Ideas
Research should be accessible to the people who fund it. Since my work examines real-world questions, I have created these plain-language summaries to share selected research output with anyone interested, not just other researchers.

Public Support for Environmental Regulation: When Ideology Trumps Knowledge
- When we gave property owners balanced information about a new law requiring cleaner heating systems, it increased their knowledge but didn’t change whether they supported the law or planned to switch heating systems.
- Property owners who kept their fossil fuel heating systems mainly said it was because switching was too expensive and their current system still worked fine.
- Those who switched to cleaner heating were motivated by wanting their country to be independent from fossil fuel imports and by wanting to help protect the climate.
- Simply providing more facts and information doesn’t change people’s minds about controversial environmental policies. Their existing values and priorities matter much more.

Protecting People from Themselves?

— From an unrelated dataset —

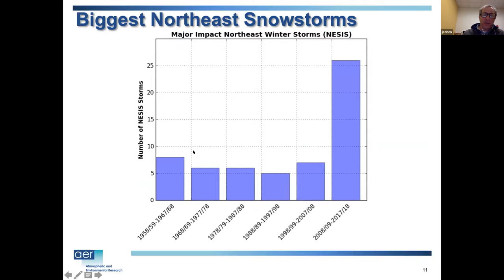Looking at the largest Northeast snowstorms — rated by NOAA on a scale of one to five like hurricanes — there were as many as eight in previous decades starting from 1958, but in the most recent decade it's 27. So we've had a tripling of these disruptive Northeast snowstorms.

Paternalistic Temptations of German Economic Policy
- When people choose something that seems bad for them (like gambling or working long hours), that choice reveals a value to them that outsiders can’t see or measure, but it’s still real and should be respected.
- When governments ban businesses from offering something (like high-interest loans or overtime work), they’re actually taking away people’s ability to choose those things even though the law technically only restricts the business, not the customer or worker.
- Smart regulation can protect vulnerable people while preserving freedom for others, like automatically enrolling everyone in retirement savings but making it easy to opt out if you really don’t want to save.

Knowledge and Freedom: Evidence on the Relationship Between Information and Paternalism
- When people lack knowledge about the consequences of their choices, others are far more likely to override their decisions and choose for them.
- Most people share helpful information with others making decisions.
- When making decisions for others, people mix their own preferences with what they think the other person wants, rather than purely implementing what the person would choose if fully informed.
- When deciding for others, people gravitate toward imposing “safe” choices as if they were more objectively correct.
- People systematically believe that others share their preferences more than they actually do, which biases how they make decisions on behalf of others.